Vimal Oil & Foods Ltd. (VOFL), the flagship company of Vimal Group, was started in 1993 with the holy hands of His Divine Holiness Pramukh Swami Maharaj, in Mehsana, Gujarat, with a small 50-ton refinery, and today it has evolved into a fully integrated and automatic oil-processing unit with an annual turnover or Rs. 3000 crores, listed with National Stock Exchange (NSE) and Bombay Stock Exchange (BSE).
VOFL is always committed to quality and integrity, and that’s what reflects in our products that never fail to delight our customers. With a single goal of offering our customers a superior range of products that they can choose as per their needs. In that quest, we have broadened our business horizons by introducing Cottonseed oil, Groundnut oil, Mustard oil, Soyabean oil, Sunflower oil, Corn oil, Rice Bran oil, Canola Oil, Mayonnaise and Table Margarine.
Despite the considerable success the company has achieved, it continues to invest substantial resources in exploring and adopting the latest technological advancements in their chosen field. Which is what enables their R&D to constantly come up with new, innovative solutions.
The Manufacturing facility comprises an integrated, continuous plant, set up by Alfa aval. All the packaging is done in-house. In fact the Company has gone in for backward integration, by manufacturing its own packaging material. Be it Tins, HDPE jars, PET bottles and corrugated boxes. This works out to be very cost-effective, and also retains the product. The products are lab-tested at every stage, staring with the raw material, and ending with final packaging.
One of the major advantages of VOFL is its strategic location. The company has intentionally set up base in the middle of an oil-seed belt of North Gujarat. This way, it is ensured of a regular supply of raw material. Having Kandla port close by is an added plus advantage Finally, its location on a national highway, provides several logistic advantages.
Equal importance is given to the development of the company’s human resource. VOFL has always recruited the best talent available in the industry – people with years of expertise and experience behind them. Moreover, frequent in-house training sessions are conducted in all departments – be it Production or Accounts or Sales & Marketing – to not just increase their knowledge base but also improve their skills. This self–reliance not only boosts morale and confidence, but also contributes towards a healthier bottom line.
With the immense experience of the Vimal Group, VOFL has earned a solid reputation for its vision, entrepreneurial spirit and competitive edge.
But the focus on the commercial aspects of their ventures, has not made the company lose their human touch. The organization cares for its people, as much as it does for its products. And when we say ‘people’, we refer to all its stakeholders: the staff, suppliers, clients, shareholders…all the way to its end-users –the customers, More so, as their products are meant for human consumption. In fact, VOFL’s motto has always been to launch brands that will make “Healthy U, Happy U”
The Group has not only expanded its business through integration and market penetration, but also diversified into various sectors.

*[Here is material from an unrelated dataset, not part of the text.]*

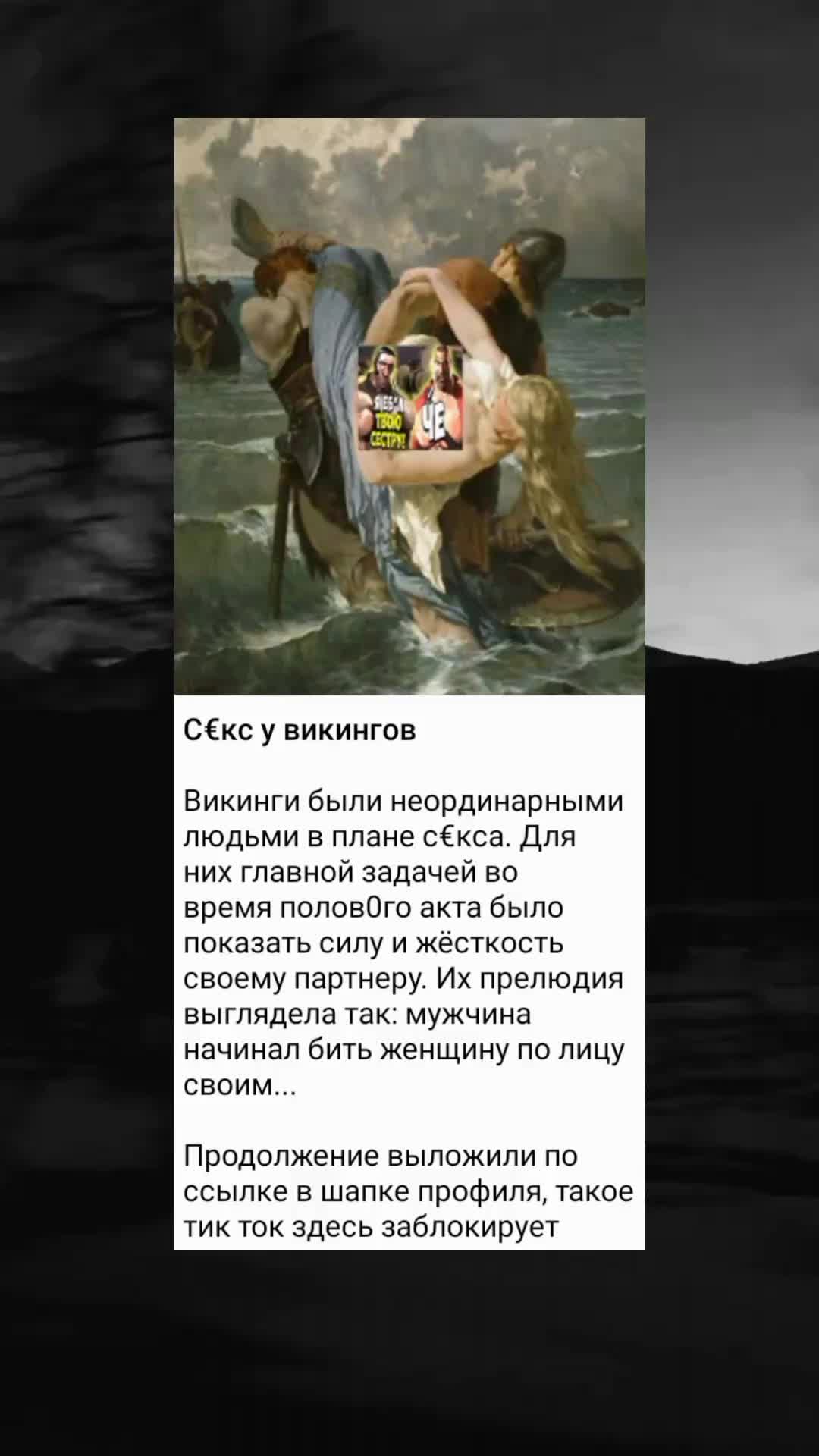 @FACTOREZ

Our vision is to be globally recognized company to produce and market the best worldclass quality food products by adopting worldclass latest enviornment friendly technology and to build strong brand loyal customerbase for the years to come plus to build trust and healthy relations among our employees, our investors, our society.
Healthy u, Happy u.
Vimal oil is a leading edible oil and food product company in india and our mission is to discover, develop, innovate and successfully reach each and every indian family with the best – pure healthy oils and food products to fulfill our mission statement “ healthy u, happy u”.
In our journey to the top we ensure to deliver the best value proposition as per global standerds in each and every area for the total satisfaction of our customers, vendors & parteners, investors & stakeholders, thus to contribute nation’s growth.
We are fortunate to be in an industry dealing in products that will always be in demand.
Within the edible oil industry, there has been a marked paradigm shift. It is getting more organized, and the players themselves are getting fewer and bigger, with larger refining capacities. As a result of the positive growth in the economy, health-conscious consumers are willing to pay more for quality product.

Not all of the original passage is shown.